*DATA TO USE:*

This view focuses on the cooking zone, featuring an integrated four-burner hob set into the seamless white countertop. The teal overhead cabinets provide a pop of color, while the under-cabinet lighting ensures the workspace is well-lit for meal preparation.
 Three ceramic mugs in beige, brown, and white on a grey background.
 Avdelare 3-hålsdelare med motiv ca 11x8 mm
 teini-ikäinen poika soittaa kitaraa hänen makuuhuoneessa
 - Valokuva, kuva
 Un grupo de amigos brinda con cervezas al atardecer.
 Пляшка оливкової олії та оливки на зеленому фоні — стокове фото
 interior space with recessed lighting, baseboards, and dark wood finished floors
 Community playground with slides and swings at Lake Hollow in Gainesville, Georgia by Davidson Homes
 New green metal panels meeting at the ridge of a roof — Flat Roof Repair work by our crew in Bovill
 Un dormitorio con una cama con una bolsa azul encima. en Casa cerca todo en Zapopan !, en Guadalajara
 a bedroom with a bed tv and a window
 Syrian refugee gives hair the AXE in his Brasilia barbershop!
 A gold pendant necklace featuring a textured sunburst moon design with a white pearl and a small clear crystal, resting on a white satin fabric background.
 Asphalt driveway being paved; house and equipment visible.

*PROBLEM TO SOLVE:*
Only the lines from the first line of the records through the one containing "Un grupo de" should be reproduced, exactly, with both of them included.

*EXPECTED ANSWER:*
This view focuses on the cooking zone, featuring an integrated four-burner hob set into the seamless white countertop. The teal overhead cabinets provide a pop of color, while the under-cabinet lighting ensures the workspace is well-lit for meal preparation.
 Three ceramic mugs in beige, brown, and white on a grey background.
 Avdelare 3-hålsdelare med motiv ca 11x8 mm
 teini-ikäinen poika soittaa kitaraa hänen makuuhuoneessa
 - Valokuva, kuva
 Un grupo de amigos brinda con cervezas al atardecer.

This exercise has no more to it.